From the records below, output exactly the lines starting at the line with "Pessoa com cartão" and ending at the line with "A living room", both of them included, but no pictures.

(Exercise materials Opens)

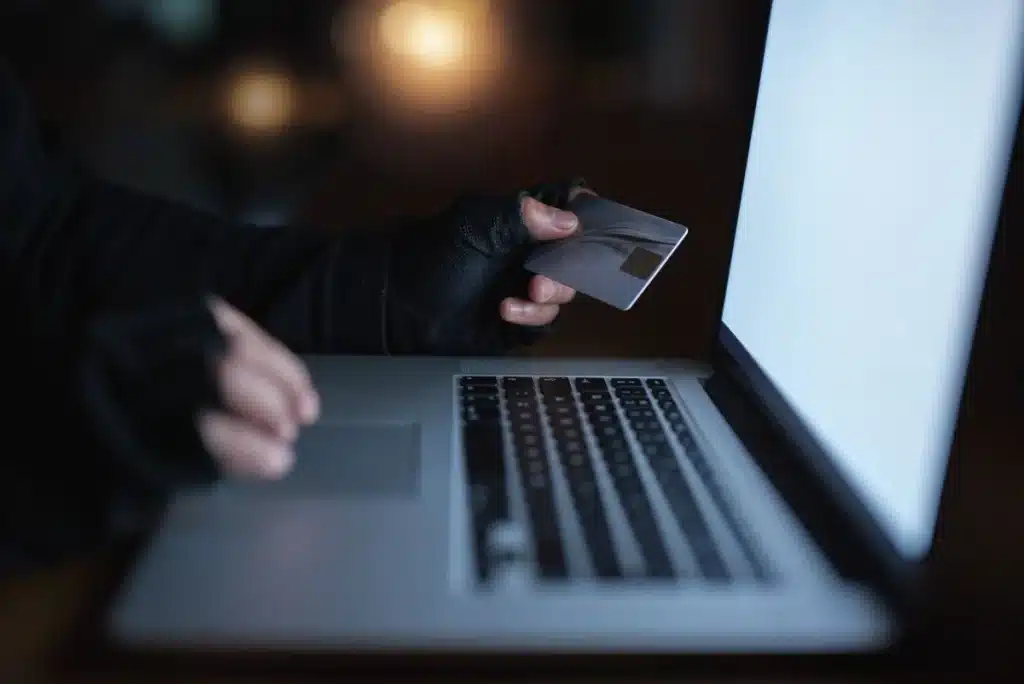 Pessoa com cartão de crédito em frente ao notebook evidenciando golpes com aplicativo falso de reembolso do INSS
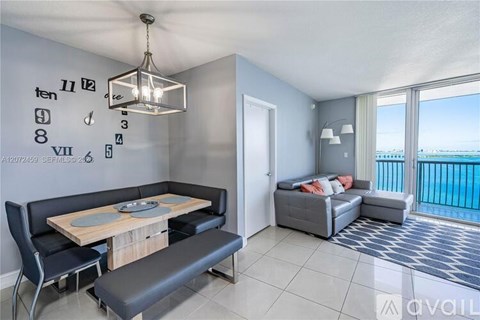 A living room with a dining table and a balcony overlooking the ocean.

(Exercise materials Closes)
(Exercise materials Opens)

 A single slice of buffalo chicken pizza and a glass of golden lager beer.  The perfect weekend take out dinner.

(Exercise materials Closes)

* **Reply**:
 Pessoa com cartão de crédito em frente ao notebook evidenciando golpes com aplicativo falso de reembolso do INSS
 A living room with a dining table and a balcony overlooking the ocean.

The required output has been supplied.